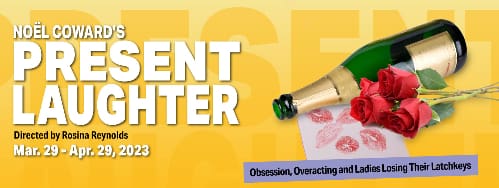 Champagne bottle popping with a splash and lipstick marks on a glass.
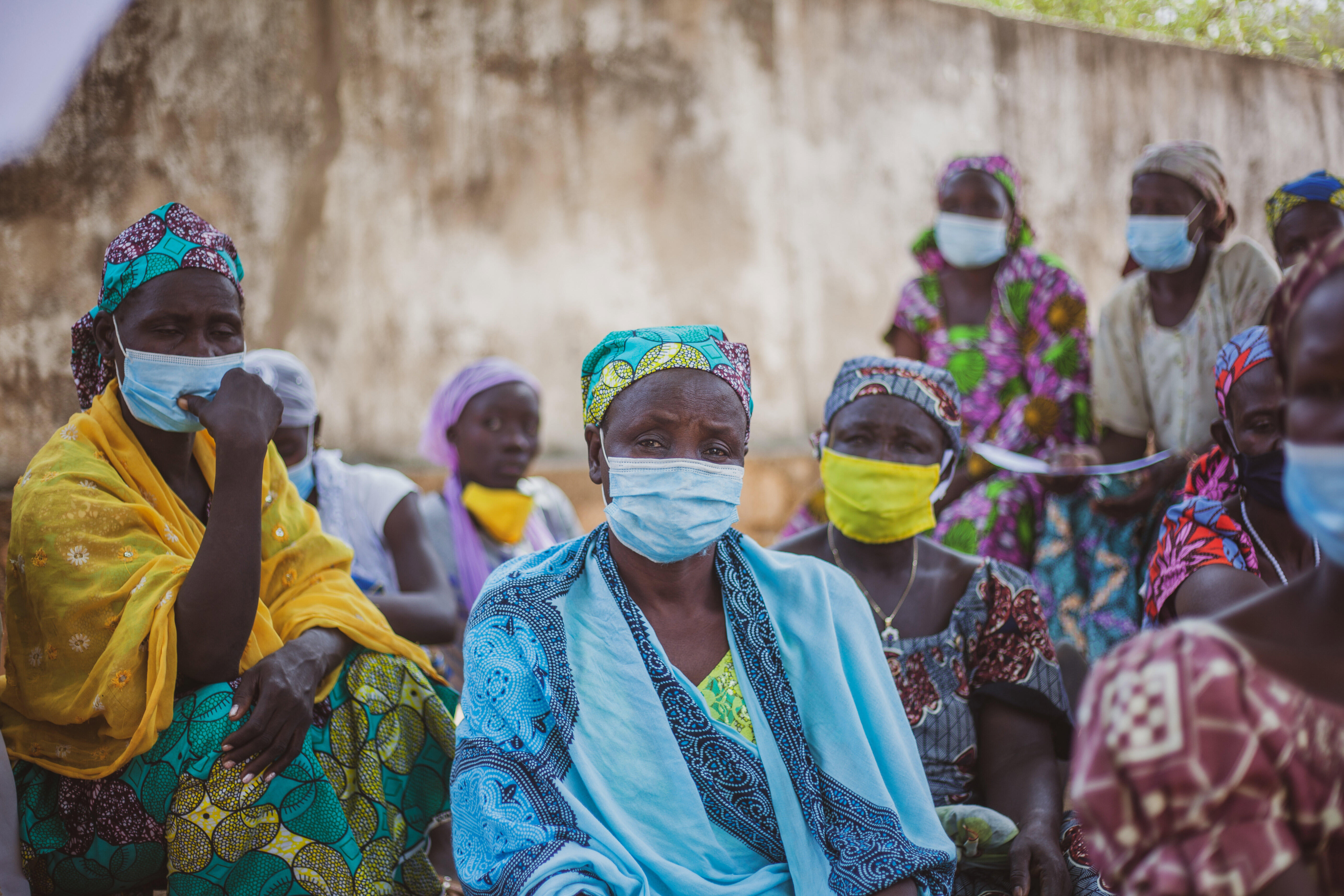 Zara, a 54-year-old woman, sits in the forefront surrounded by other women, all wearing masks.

........

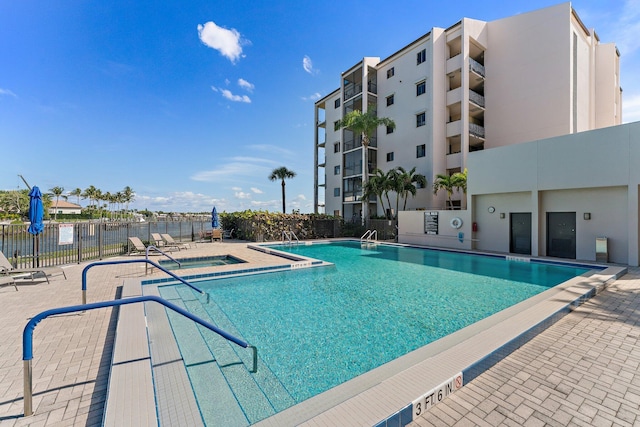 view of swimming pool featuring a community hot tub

........

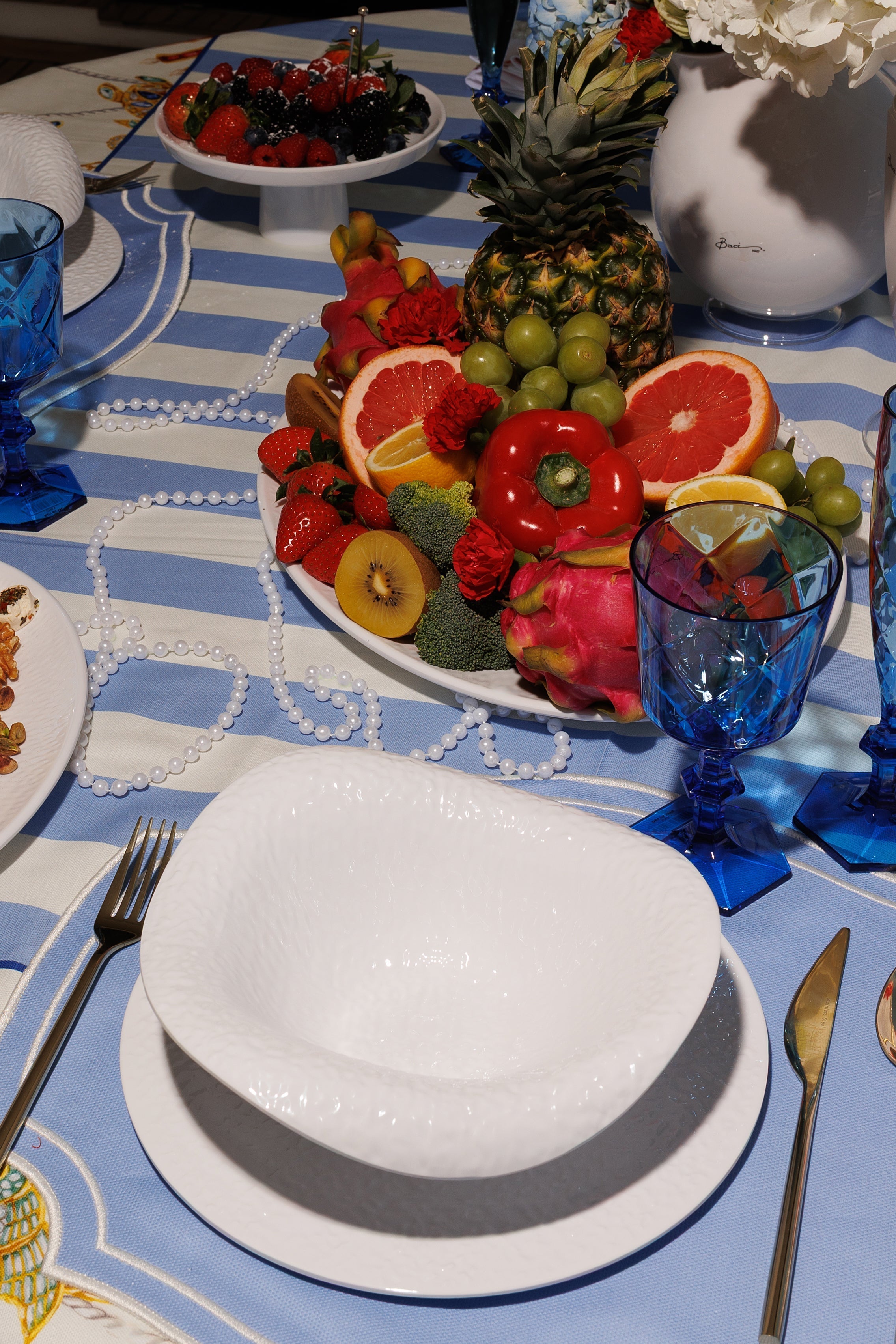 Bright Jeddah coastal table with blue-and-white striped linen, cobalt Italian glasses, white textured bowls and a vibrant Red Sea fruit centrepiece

........

§ **What the exercise asks**: Give again, exactly as written above, every line from the one holding "Champagne bottle popping" to the one holding "Zara, a 54-year-old", with both ends kept and the pictures left out.

§ **Solved exercise**:
 Champagne bottle popping with a splash and lipstick marks on a glass.
 Zara, a 54-year-old woman, sits in the forefront surrounded by other women, all wearing masks.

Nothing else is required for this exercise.